PROVIDED ENTRIES:
____

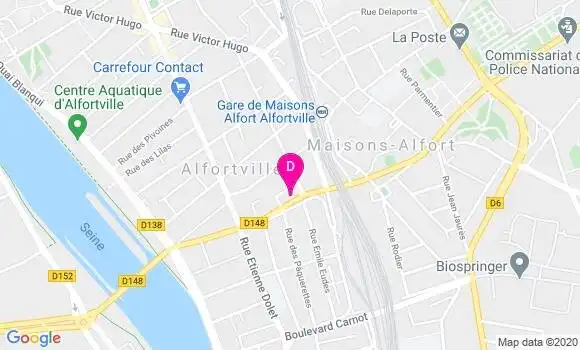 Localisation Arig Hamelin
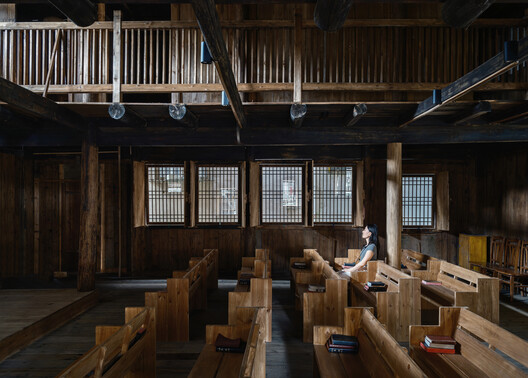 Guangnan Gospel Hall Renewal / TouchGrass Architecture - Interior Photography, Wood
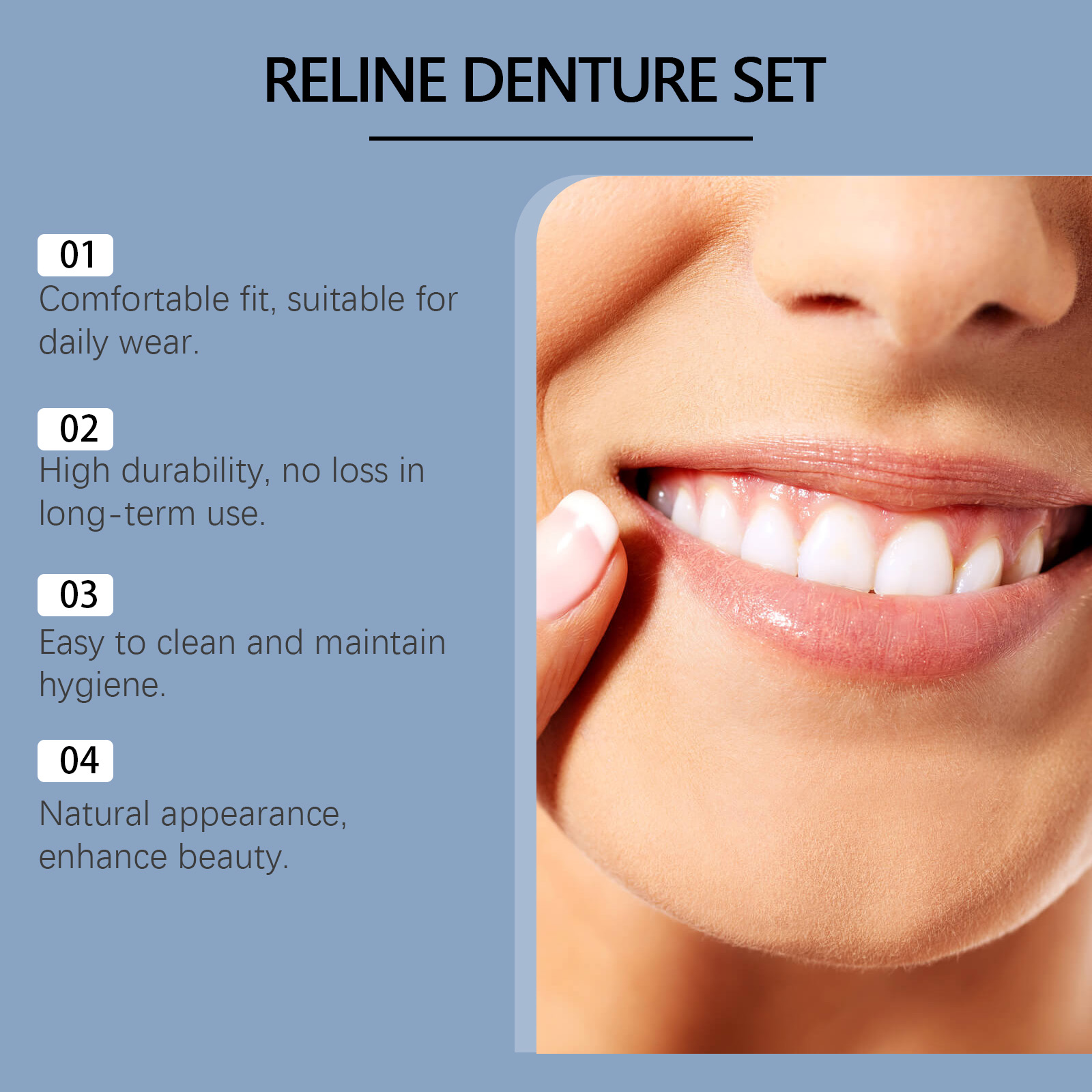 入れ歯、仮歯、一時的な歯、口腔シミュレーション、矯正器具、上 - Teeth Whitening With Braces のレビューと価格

____

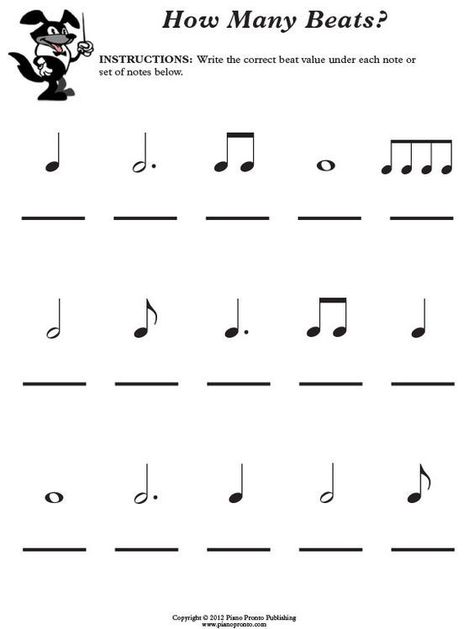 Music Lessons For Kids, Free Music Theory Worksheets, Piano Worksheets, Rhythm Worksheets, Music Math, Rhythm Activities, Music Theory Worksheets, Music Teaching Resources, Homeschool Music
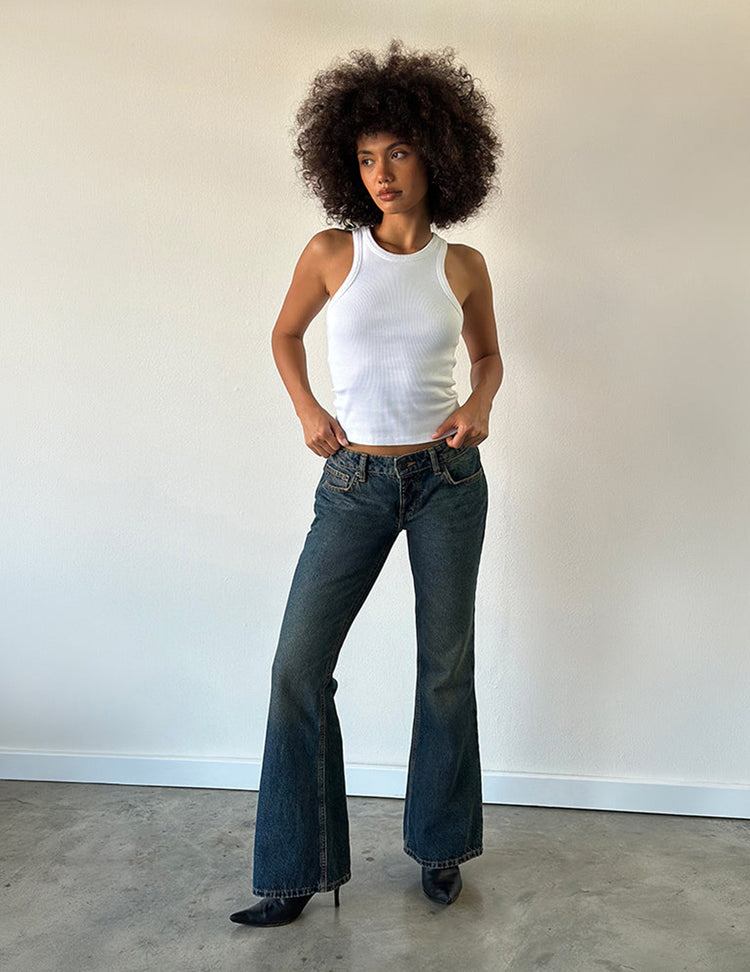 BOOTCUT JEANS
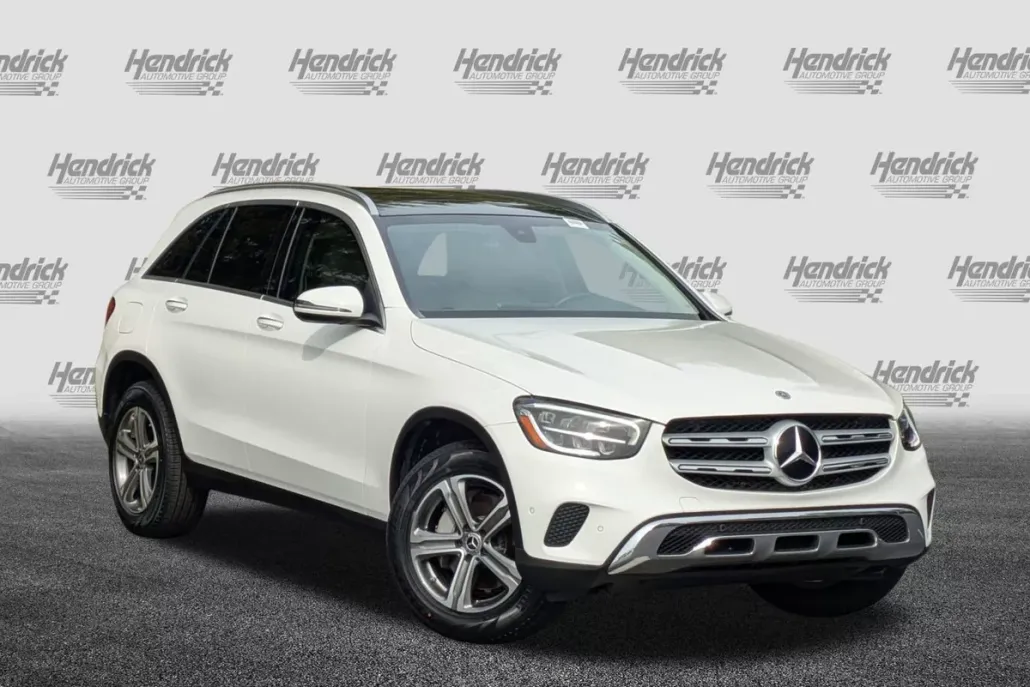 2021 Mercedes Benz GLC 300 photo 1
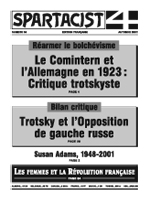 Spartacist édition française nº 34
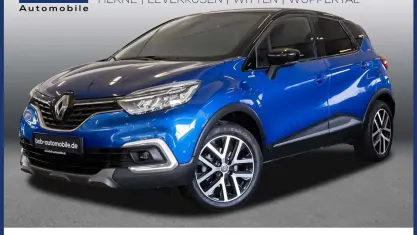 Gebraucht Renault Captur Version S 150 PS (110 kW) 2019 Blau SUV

____

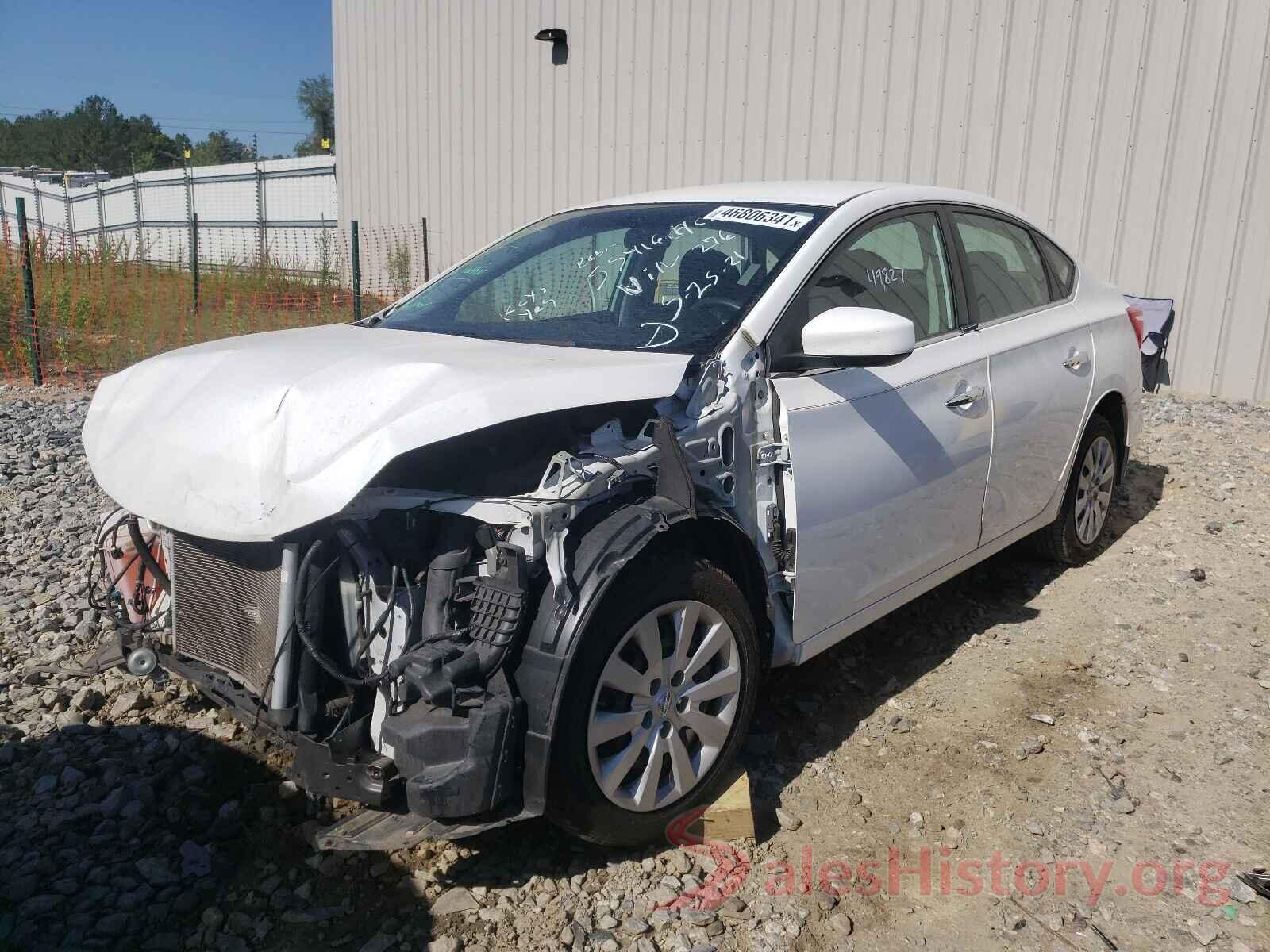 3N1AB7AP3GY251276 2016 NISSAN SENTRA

____

YOUR GOAL:
Could you output exactly the lines above, from the line with "Localisation Arig Hamelin" up to and including the line with "入れ歯、仮歯、一時的な歯、口腔シミュレーション、矯正器具、上 - Teeth", and nothing else, skipping the pictures?

FINISHED EXERCISE:
 Localisation Arig Hamelin
 Guangnan Gospel Hall Renewal / TouchGrass Architecture - Interior Photography, Wood
 入れ歯、仮歯、一時的な歯、口腔シミュレーション、矯正器具、上 - Teeth Whitening With Braces のレビューと価格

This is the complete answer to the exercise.